James looked thoughtful. “No. I do think it’s odd, though. How sure are you that it was him you saw?”
Sirius frowned. “He was in the end bed, with the curtains drawn. Madame Pomfrey pulled them back to check on him, and, well, I could’ve sworn it was him, but…it just doesn’t make any sense.”
James was quiet.
“Y’know, I think maybe you’re right, maybe we should just leave it for a while,” Sirius said, resting his chin on his hand and focusing on the floral curtains of the neighbouring bed.
Just then, Peter and Remus burst into the room.
“Frank said he’d seen you crash into a tree,” Remus said, while Peter looked with interest at Sirius’s injuries.
Sirius felt the need to defend himself. “More like the tree crashed into me!”
“What, you mean the tree hit you?” Peter asked slowly, as though he thought that Sirius had been hit a little too hard on the head.
“No, he’s right,” put in James. “There’s this tree that whacks you, Madame Pomfrey said.”
Remus looked puzzled. “But what on earth were you doing by the Whomping Willow?” he asked. Sirius shrugged and there was an uneasy silence, until Remus spoke again in a firmly cheerful voice. “So. What is our follow-up going to be to the Banana Peel Powder?
James grinned and leant closer to the other three. “Well, I was thinking…”
That week, Professor McGonagall went around the common room with a list for students to sign if they wanted to remain at Hogwarts over the Christmas holidays. Sirius put his name down immediately.

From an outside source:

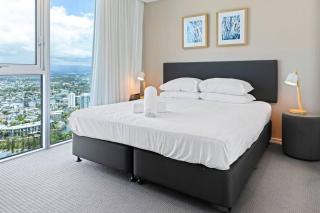 270° Panoramic Hilton Living - Gold Coast - 5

“You’re staying at school?” Remus asked in surprise.
“Yep,” Sirius said with relish. “I don’t suppose Mother would have me at home, anyway, now that I’m a Gryffindor.”
“She can’t be that bad,” Peter said.
Sirius gave a bitter laugh. “My Mother makes Bellatrix look friendly.”
The other three all shuddered. All four of them laughed.
“Still, Christmas on your own isn’t going to be much fun,” Peter persisted.
“It’ll be more fun than at home, I can tell you,” Sirius answered.
“Besides,” James spoke up. “He’s not going to be on his own. I’m staying, too.”
All three of them turned to him.
“Yeah, I thought it’d be good to have Christmas here.”
“James, I’ll be all right on my own, honestly.” Sirius looked a little angry.
“Yeah, I know,” James said. “But Mum and Dad are always going on about how wonderful Christmas at Hogwarts is,” he said, his eyes lighting up, “and I’ve heard that Snape’s staying for the holidays, too.”
Sirius’ grin threatened to split his face in two. “Brilliant,” he crowed.
James smiled. It would be an interesting holiday. Almost as interesting as explaining to his mother why he would not be coming home for Christmas as planned.